INSTRUCTIONS FOR SERVICE AND NOTICE OF RIGHT TO APPEAL/OBJECT
A copy of these findings, conclusions and recommendation shall be served on all parties in the manner provided by law. Any party who objects to any part of these findings, conclusions and recommendation must file specific written objections within 14 days after being served with a copy. See 28 U.S.C. § 636(b)(1); Fed.R.Civ.P. 72(b). In order to be specific, an objection must identify the specific finding or recommendation to which objection is made, state the basis for the objection, and specify the place in the magistrate judge's findings, conclusions and recommendation where the disputed determination is found.

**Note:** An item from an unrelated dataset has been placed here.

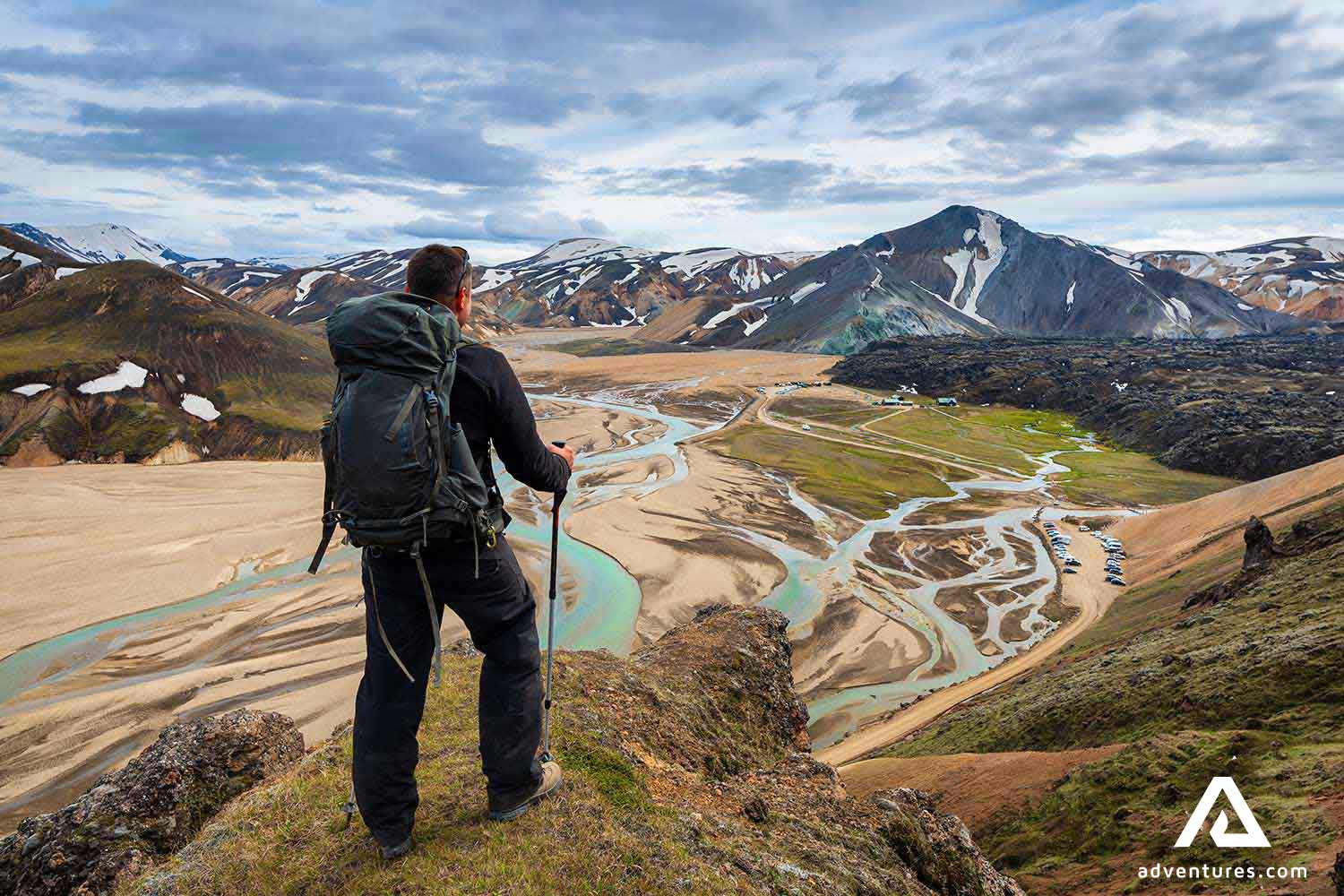 man watching over a mountain range in landmannalaugar in iceland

An objection that merely incorporates by reference or refers to the briefing before the magistrate judge is not specific. Failure to file specific written objections will bar the aggrieved party from appealing the factual findings and legal conclusions of the magistrate judge that are accepted or adopted by the district court, except upon grounds of plain error. See Douglass v. United Servs. Automobile Ass'n, 79 F.3d 1415, 1417 (5th Cir. 1996).